How the housing depression spells QE3June 13, 2011: 10:45 AM ET
How much of a mirage was the brief housing rebound?
The Chicago Fed's personal consumption and housing index, which tracks housing starts, building permits, retail sales and personal spending, hasn't been above zero since December 2006. That's a 52-month stretch that's unparalleled in the 34-year history of the index.
The monthly index registers zero whenever activity in those categories grows in line with historical trend. A positive reading shows faster expansion and a negative reading either slower growth or outright contraction.
Because the index doesn't track house prices, a look back at the past five years (see chart, right) shows a steep decline starting in 2007 but no rebound of any note. This year's readings are above the trough reached in early 2009, but not by much.
And since falling housing prices won't do much to stimulate either consumer spending or homebuilding, it looks like a good bet that this index is going to stay at low levels for a good long time.
Once upon a time housing and consumer spending were tied to the performance of the stock market. But that relationship hasn't held since the Fed started in 2009 to buy bonds to ease financial conditions, notes Howard Simons of Bianco Research.

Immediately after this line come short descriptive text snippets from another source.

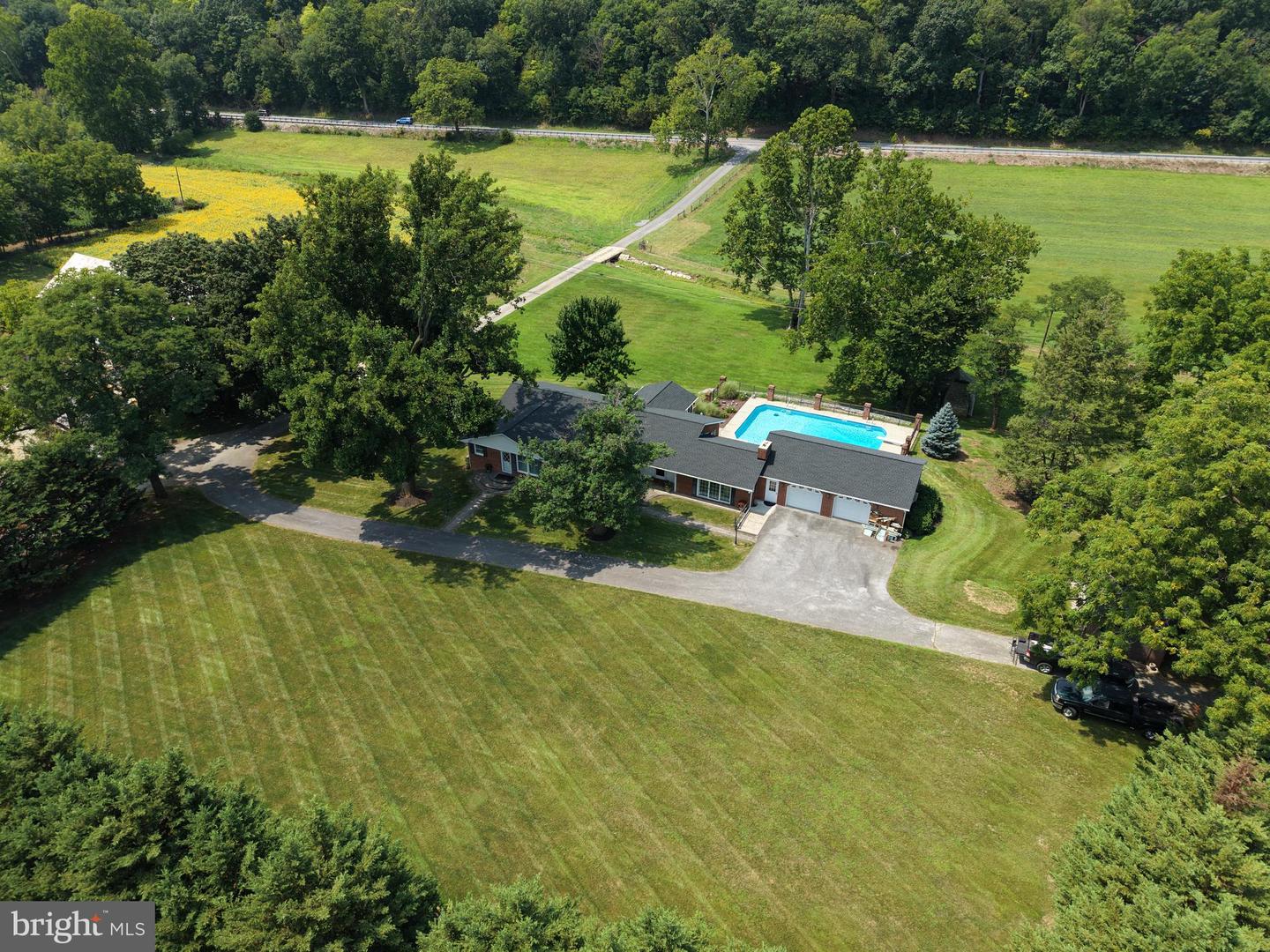 10939 Mapleville Rd — photo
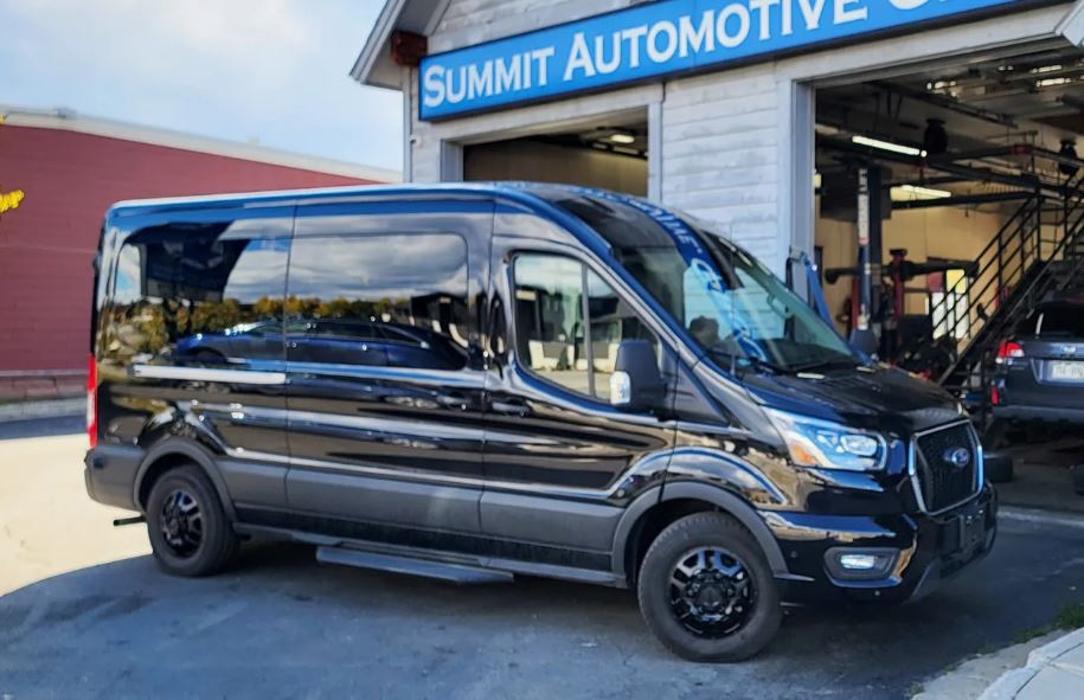 Summit Black Car - Dillon, CO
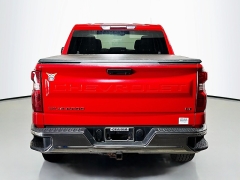 Used 2020  Chevrolet Silverado 1500 4WD Crew Cab LT at Dutro Auto near Zanesville&comma; OH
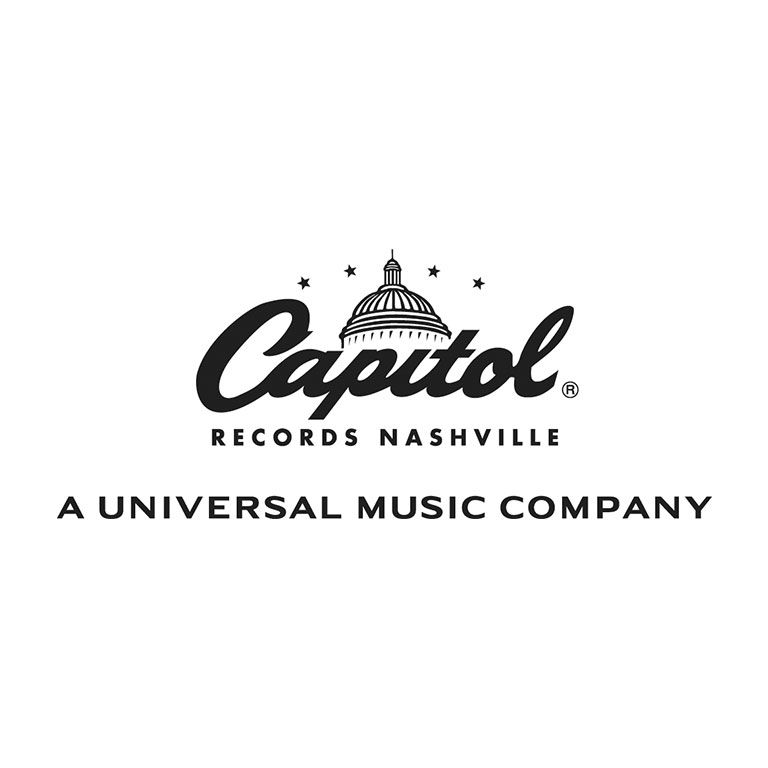 CARRIE UNDERWOOD SIGNS WORLDWIDE DEAL WITH UNIVERSAL MUSIC GROUP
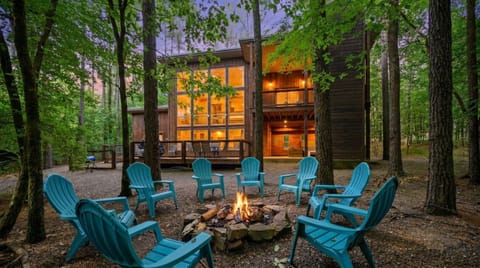 01_Driftwood_Cabin_twilight_firepit_exterior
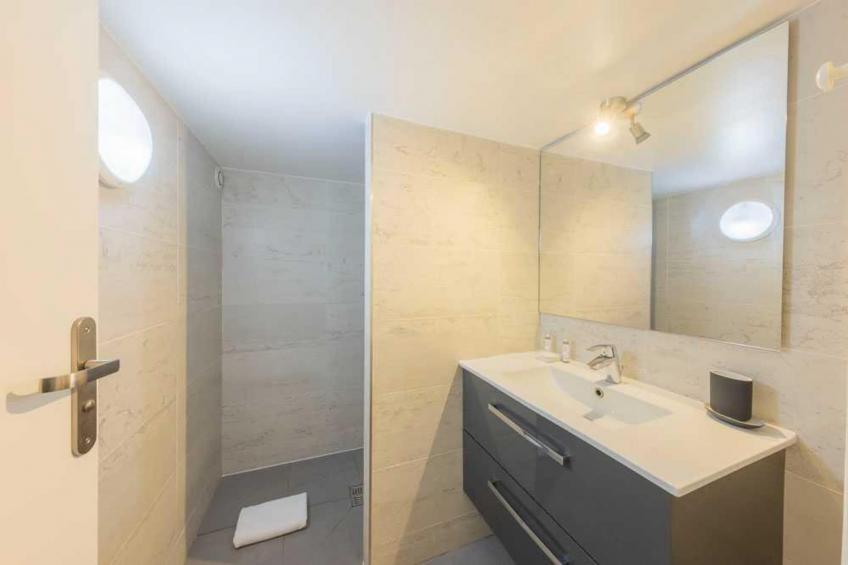 ST-6-TRONE - foto 20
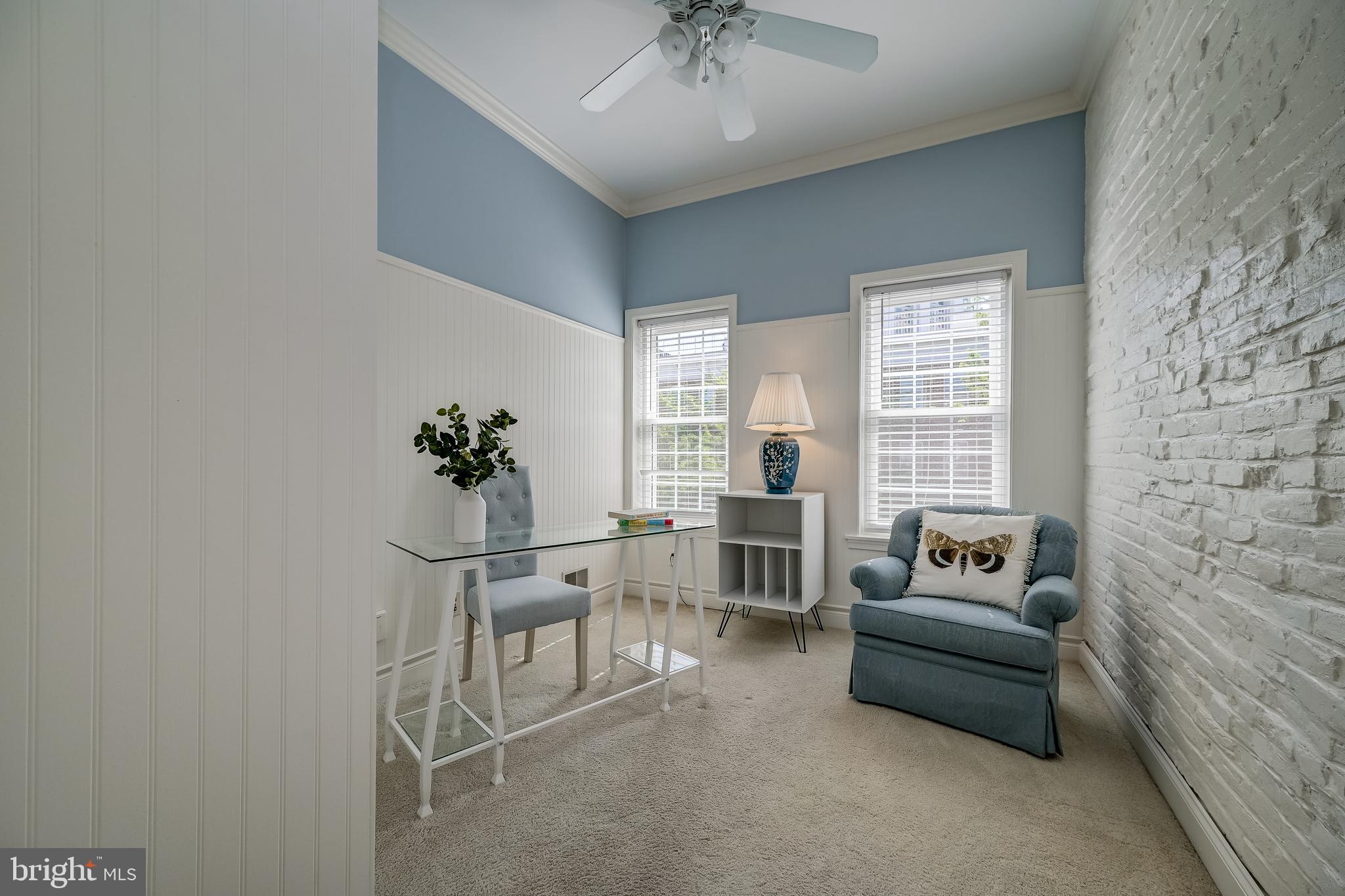 LOCUST POINT - Residential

He attributes the stock market's rise since the 2008-2009 collapse to what you might call the very limited success of quantitative easing – fostering a rise in asset prices without an accompanying improvement in the economy. But it stands to reason that can't last forever, a thought that investors obviously have been chewing on a bit lately.
If the end of Fed bond purchases restores the link between housing activity, personal consumption and stock prices, watch out below -- and then watch out, after a few months of handwringing, for QE3.